---------- MATERIAL SUPPLIED ----------

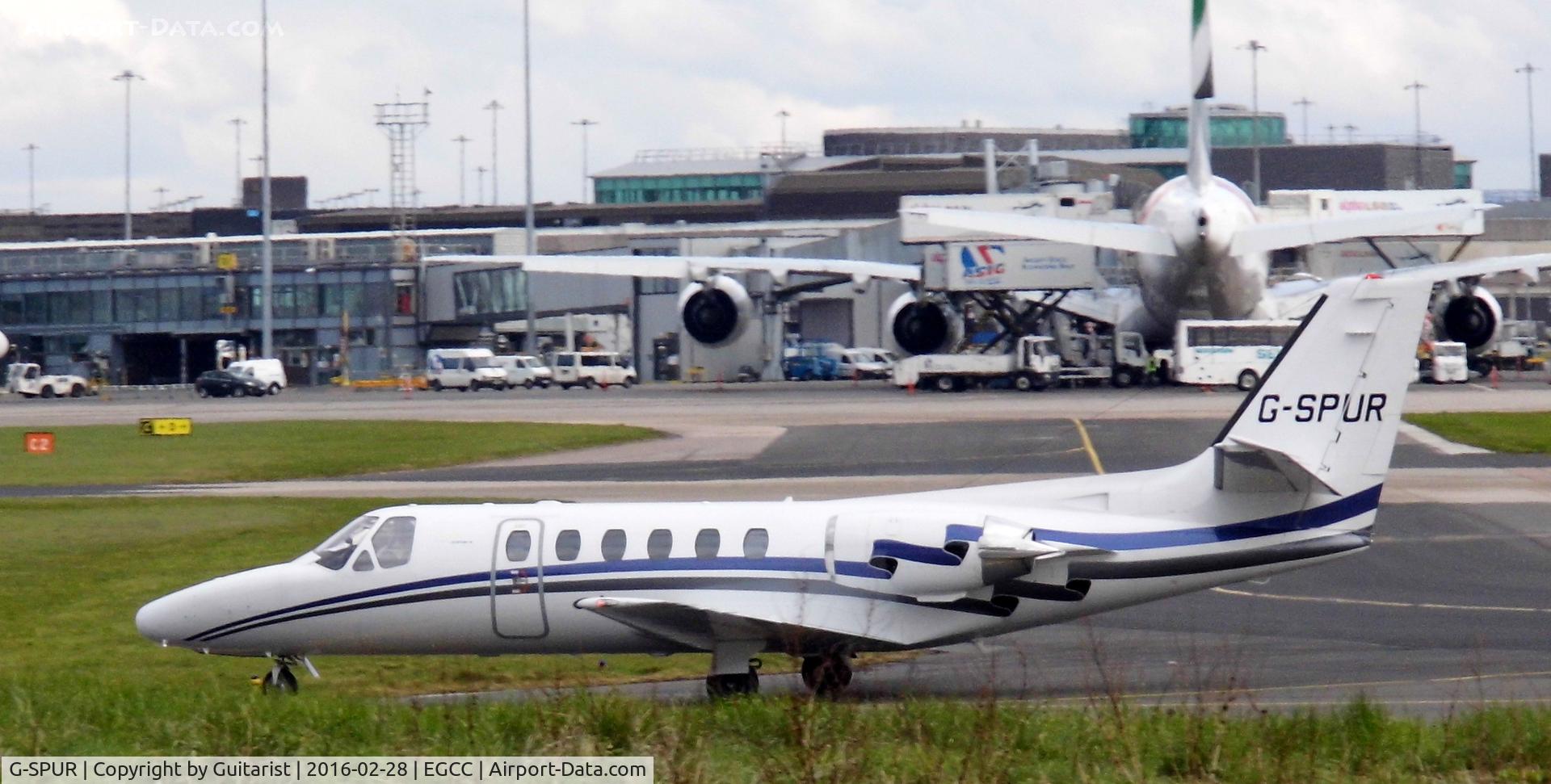 G-SPUR, 1992 Cessna 550 Citation II C/N 550-0714, At Manchester
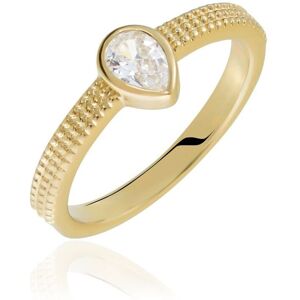 Stroili Anello Golden Dream Placcato Oro Giallo Cubic Zirconia Collezione: Golden Dream - Misura 52 Giallo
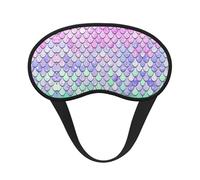 Mermaid Scale Print Sleep Eye Mask Light Blocking Soft and Comfortable Night Eye Blinder for Women Men for Sleeping Travel Night Shift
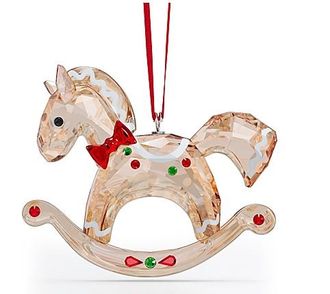 Swarovski Holiday Cheers Crystal Gingerbread Rocking Horse Ornament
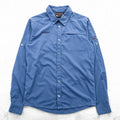 MAMMUT Outdoor Shirt, Size L, Navy, Stretch, Trovat Advanced L/S Shirt 1030-02520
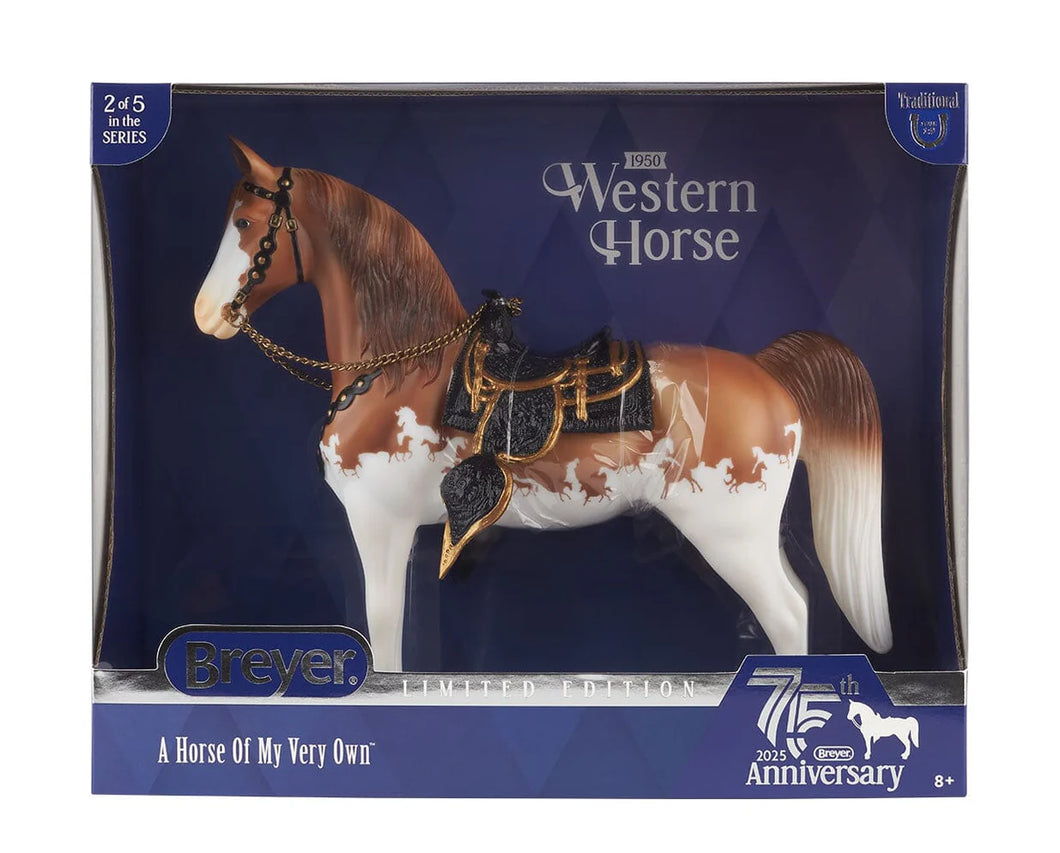 Breyer 75th Anniversary Western Horse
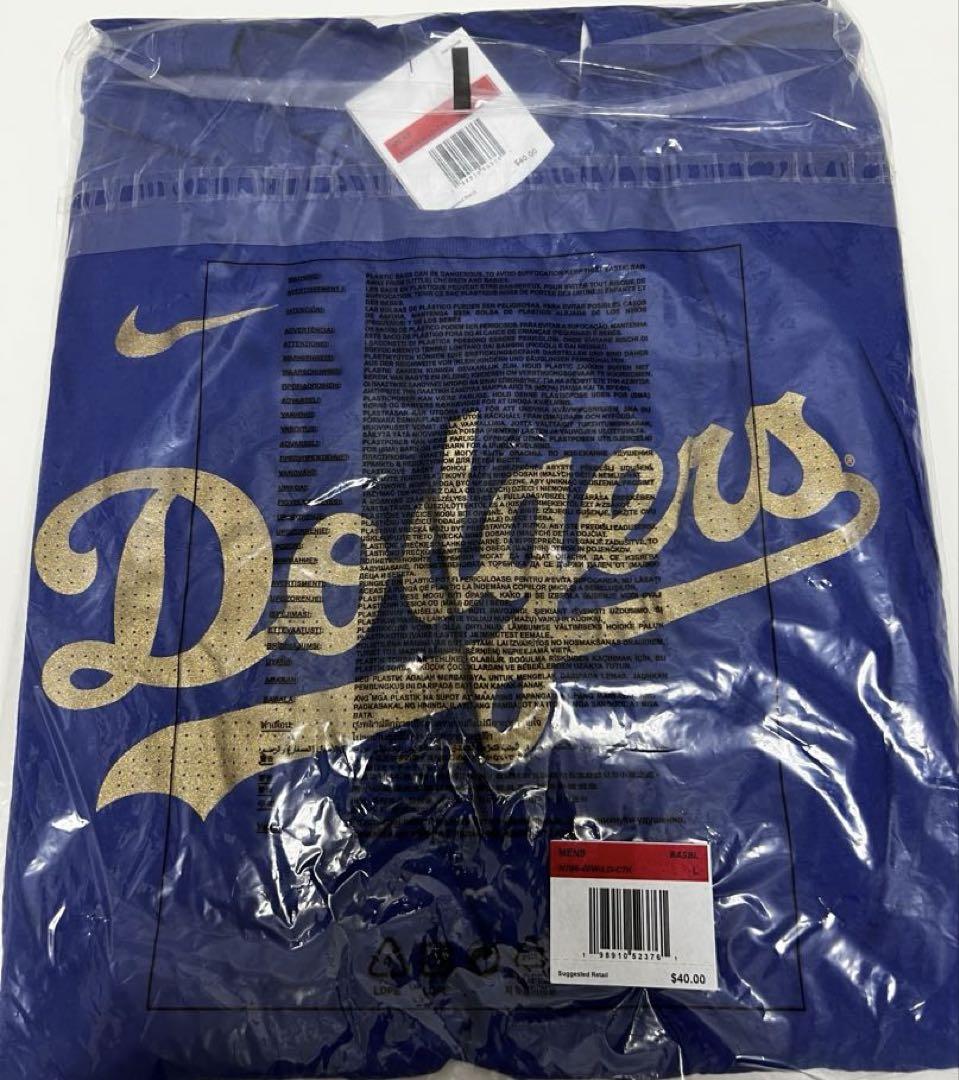 サイズL ドジャース チャンピオンゴールド Tシャツ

----------

#### [WHAT THE TASK ASKS]
Now write out the data word for word, skipping every picture in it.

#### [SOLUTION TO THIS PROBLEM]
 G-SPUR, 1992 Cessna 550 Citation II C/N 550-0714, At Manchester
 Stroili Anello Golden Dream Placcato Oro Giallo Cubic Zirconia Collezione: Golden Dream - Misura 52 Giallo
 Mermaid Scale Print Sleep Eye Mask Light Blocking Soft and Comfortable Night Eye Blinder for Women Men for Sleeping Travel Night Shift
 Swarovski Holiday Cheers Crystal Gingerbread Rocking Horse Ornament
 MAMMUT Outdoor Shirt, Size L, Navy, Stretch, Trovat Advanced L/S Shirt 1030-02520
 Breyer 75th Anniversary Western Horse
 サイズL ドジャース チャンピオンゴールド Tシャツ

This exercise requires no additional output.